> PROBLEM TO WORK ON: Exactly as written, write out the lines below from the first to the one containing "英菲尼迪QX30最新谍照", inclusive. Pictures do not belong in the copy.

> MATERIAL PROVIDED:
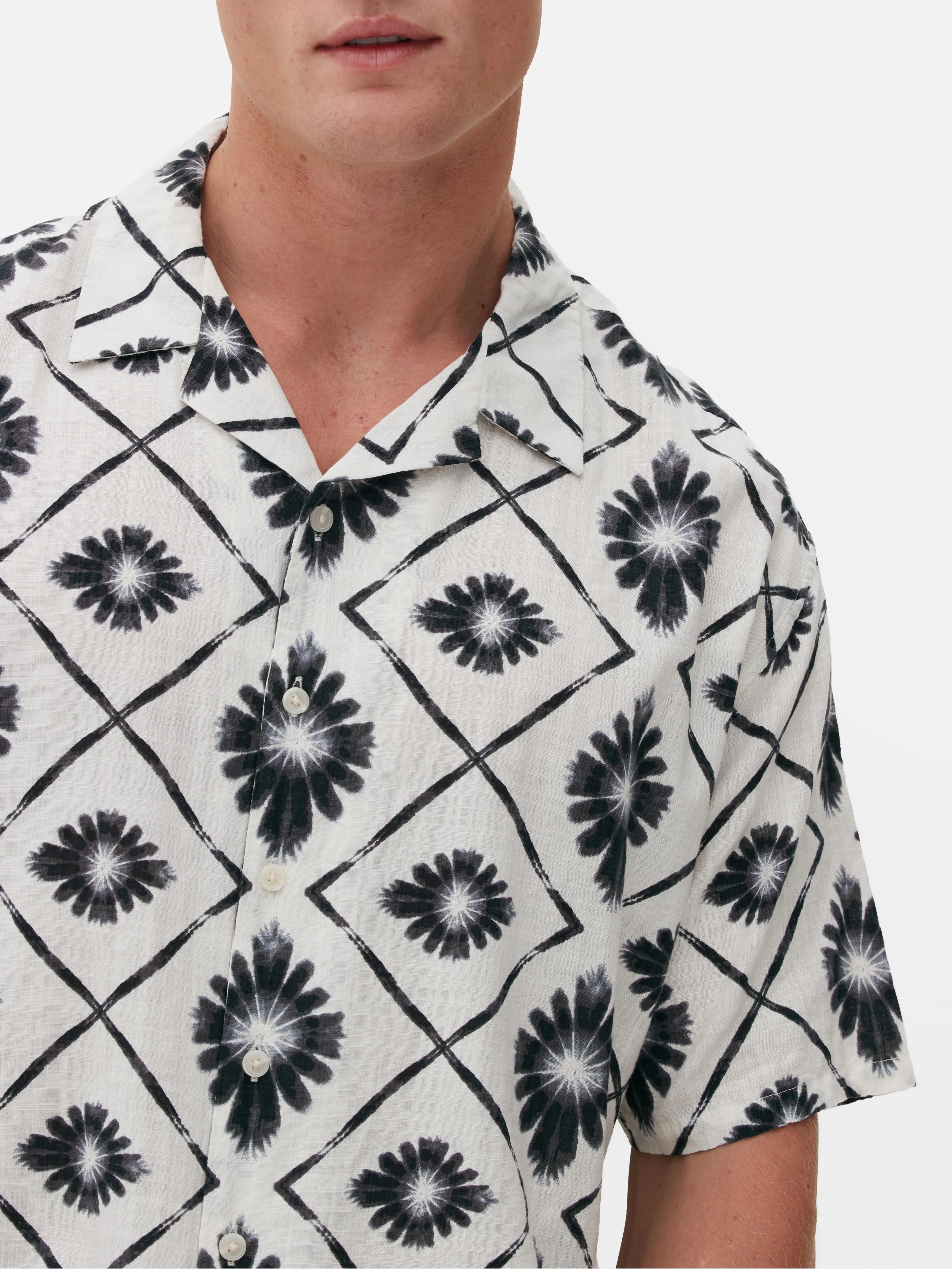 CAMISA CON ESTAMPADO ABSTRACTO TIEDYE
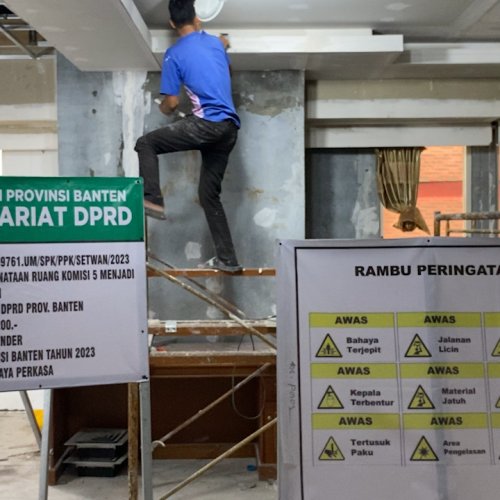 Kritik Pembangunan Gedung DPRD Banten, Mahasiswa: Pemborosan Anggaran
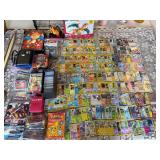 Pokï¿½mon cards charizard toy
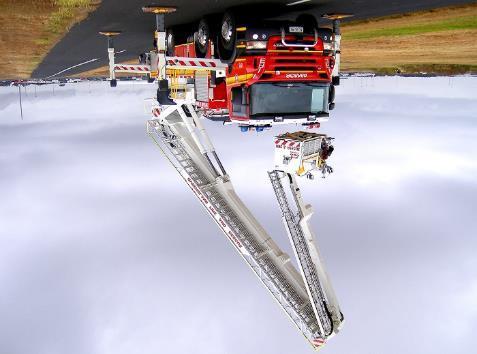 korkeuteen yltävä nostolava-auto. (Bronto Skylift, 20
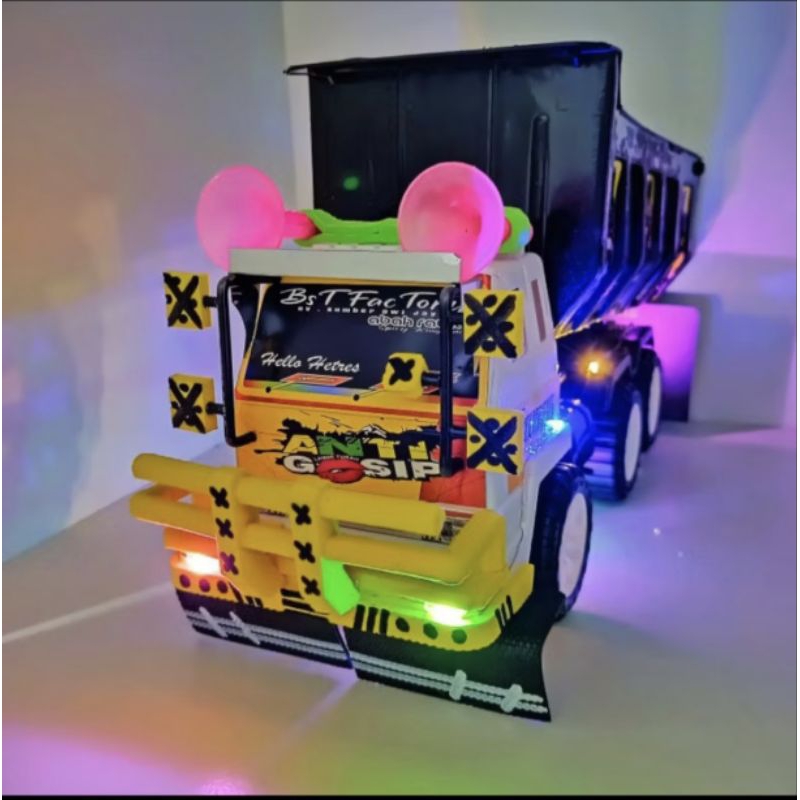 [12•12] Miniatur truk Modifikasi Mobil Mainan plastik  TTP02 Super keren termurah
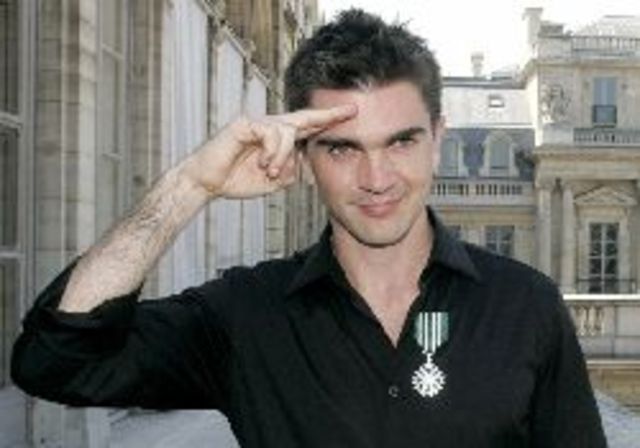 condecorado por la Fundación Teletón Chile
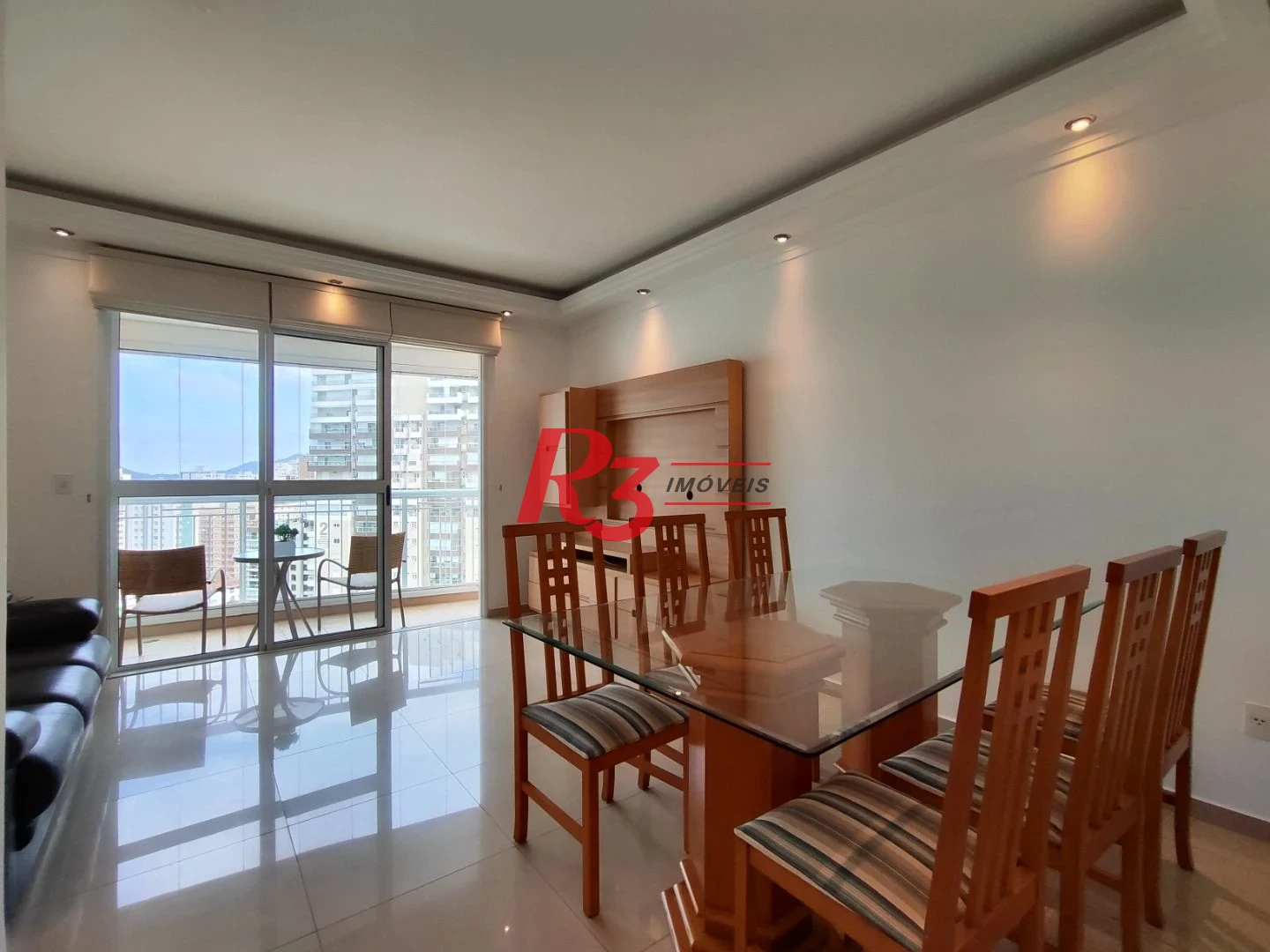 Apartamento com 3 dormitórios para alugar, 94 m² por R$ 7.000,00/mês - Gonzaga - Santos/SP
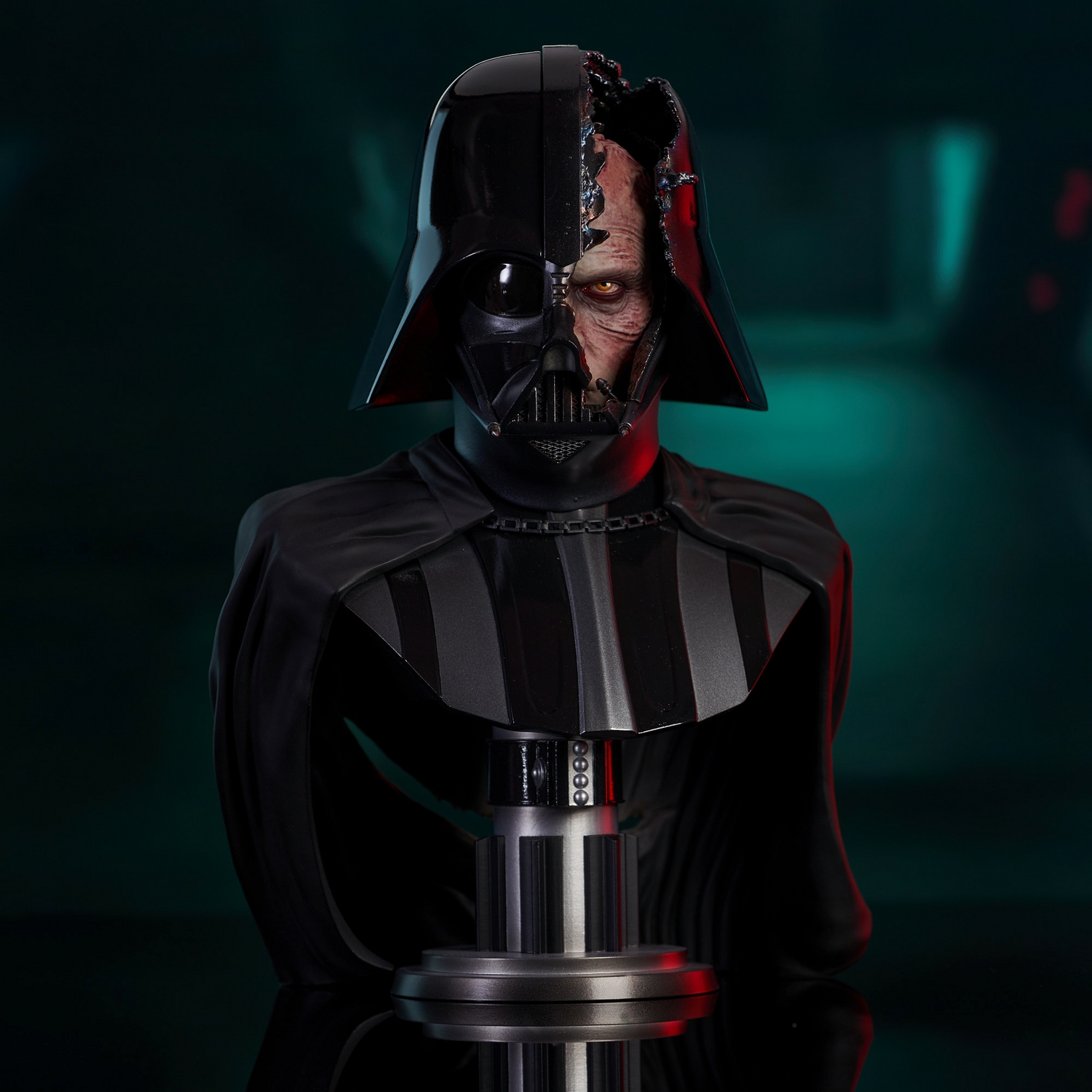 SW_BrokenHelmetVader_L3D_01.jpg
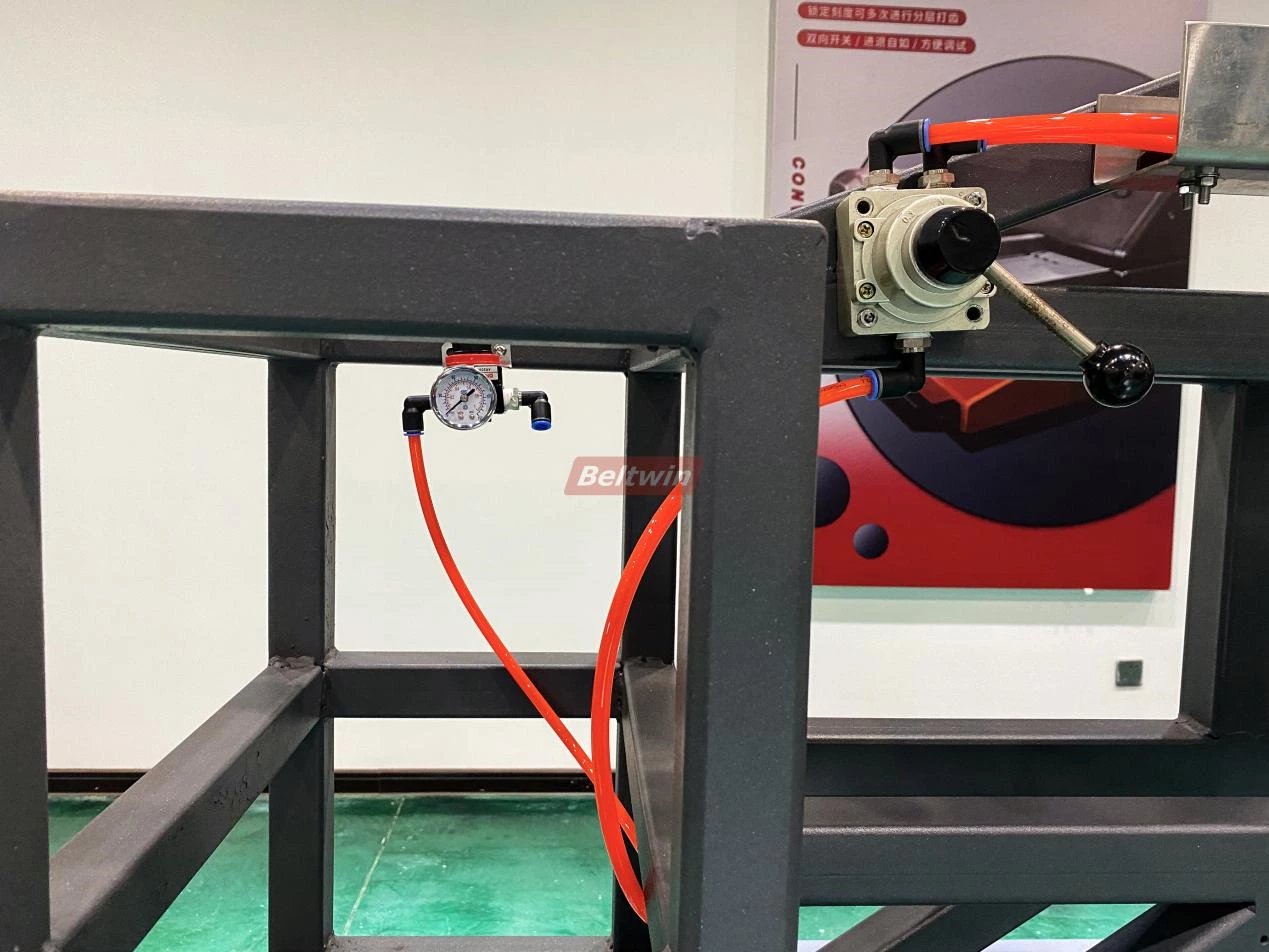 What is Frame&nbsp;Longitudinal&nbsp;Joint Air&nbsp;Cooling&nbsp;Splice&nbsp;Press&nbsp;Machine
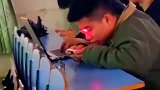 小伙, 我好像被红点瞄准了脑袋, 敌人在哪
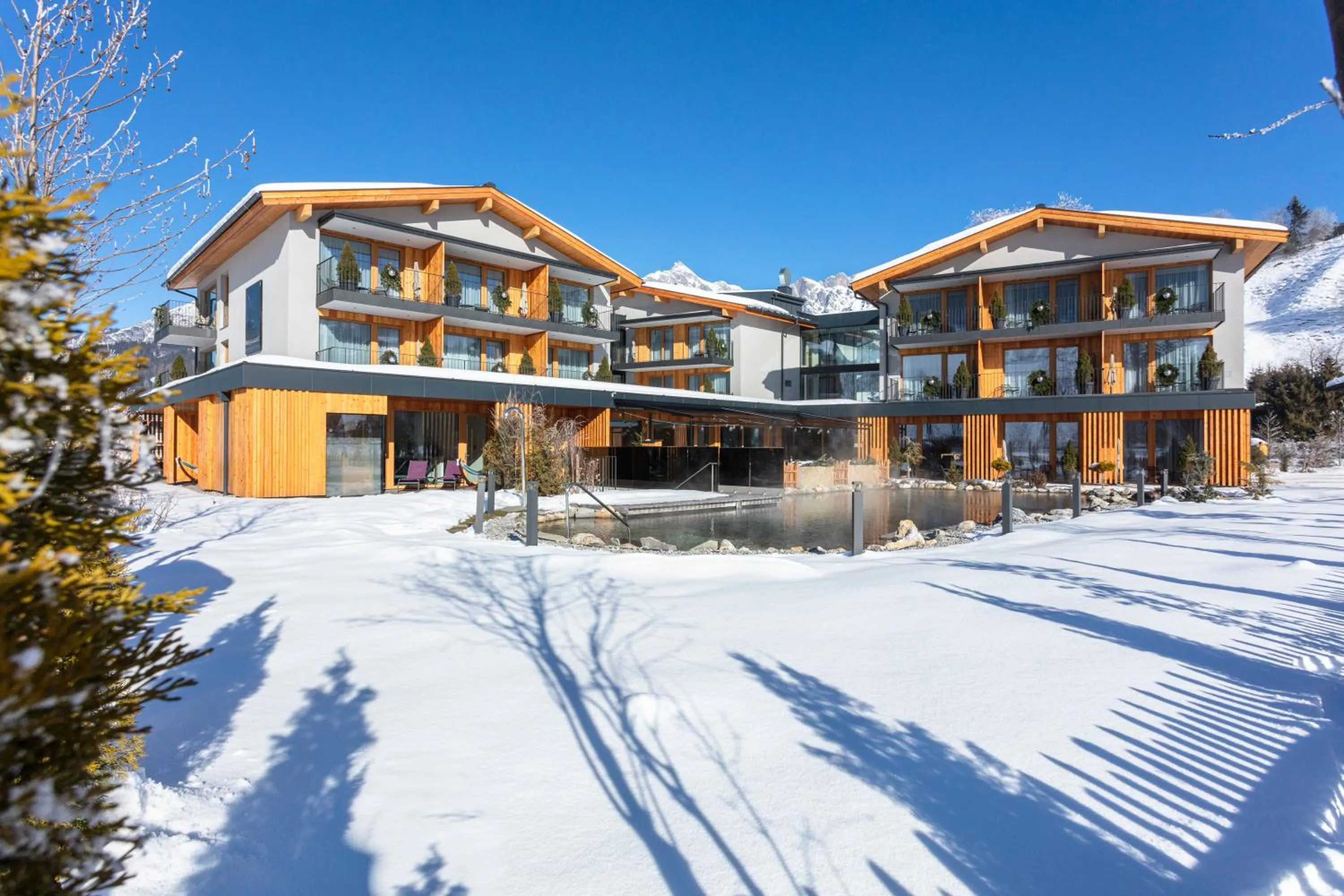 Winter in Wellness und Brunch Hotel MorgenZeit beheizter Naturteich Genuss Frühstück bis 13 Uhr Hochkönig Sommercard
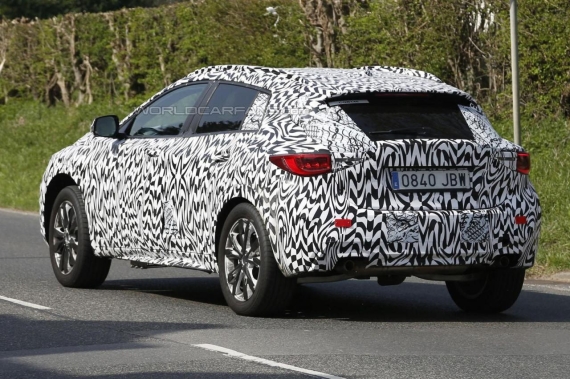 英菲尼迪QX30最新谍照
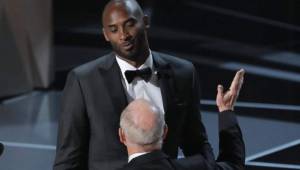 El exjugador de Los Angeles Lakers fue premiado en la gala de los Premios Oscar por su documental 'Dear Basketball'.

> THE COMPLETED TASK:
 CAMISA CON ESTAMPADO ABSTRACTO TIEDYE
 Kritik Pembangunan Gedung DPRD Banten, Mahasiswa: Pemborosan Anggaran
 Pokï¿½mon cards charizard toy
 korkeuteen yltävä nostolava-auto. (Bronto Skylift, 20
 [12•12] Miniatur truk Modifikasi Mobil Mainan plastik  TTP02 Super keren termurah
 condecorado por la Fundación Teletón Chile
 Apartamento com 3 dormitórios para alugar, 94 m² por R$ 7.000,00/mês - Gonzaga - Santos/SP
 SW_BrokenHelmetVader_L3D_01.jpg
 What is Frame&nbsp;Longitudinal&nbsp;Joint Air&nbsp;Cooling&nbsp;Splice&nbsp;Press&nbsp;Machine
 小伙, 我好像被红点瞄准了脑袋, 敌人在哪
 Winter in Wellness und Brunch Hotel MorgenZeit beheizter Naturteich Genuss Frühstück bis 13 Uhr Hochkönig Sommercard
 英菲尼迪QX30最新谍照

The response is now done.